Indonesian writer (1953–2015)

Korrie Layun Rampan (17 August 1953 - 19 November 2015) was an Indonesian novelist, short story writer, poet, literary critic, journalist, and politician.

Born in Samarinda, East Kalimantan, he became interested in literature while in elementary school, writing numerous short stories and poems. While in university in Yogyakarta, he joined the Persada Studi Klub and began publishing his works in numerous national and regional newspapers. In 1976 his debut novel, Upacara, received second place in the Jakarta Arts Council Novel Competition. He wrote several hundred books, both fiction and non-fiction, and served as a council member for West Kutai Regency.

==Early life==
Korrie Layun Rampan was born in Samarinda, East Kalimantan, on 17 August 1953 to Paulus Rampan, a retired sergeant in the Indonesian Army, and Martha Renihay. He completed his elementary school studies in four years; it was during his fourth year that he first began writing, inspired to do so after reading Hamka's novel Tenggelamnya Kapal van der Wijck. In junior high school he began reading such literary magazines as Sastra, Horison, Tjerpen, and Budaja Djaja, and throughout senior high school he wrote poetry for the school's wall magazine. He was also a presenter with the "Pancaran Sastra" program broadcast by the Samarinda branch of Radio Republik Indonesia (RRI). Owing to his academic prowess, Rampan received a scholarship from the provincial government which covered his junior high school, senior high school, and university education.

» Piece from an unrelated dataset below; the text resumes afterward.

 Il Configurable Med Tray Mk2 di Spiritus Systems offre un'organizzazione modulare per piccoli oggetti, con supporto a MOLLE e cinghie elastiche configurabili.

Rampan graduated from senior high school in Samarinda in 1970, moving to the city of Yogyakarta in Java to continue his studies. He had graduated from the Academy of Finance and Banking there by 1981. He later continued to Gadjah Mada University's Faculty of Social and Political Sciences. While in the city he became involved with the Persada Studi Klub, a group established in 1969 by such writers as Umbu Landu Paranggi, Iman Budhi Santosa, and Ragil Suwarna Pragolapati to allow young authors to publish in a dedicated section of the weekly Pelopor Yogyas culture column. He also began publishing his work in newspapers such as Kompas and Suara Karya as well as magazines such as Horison.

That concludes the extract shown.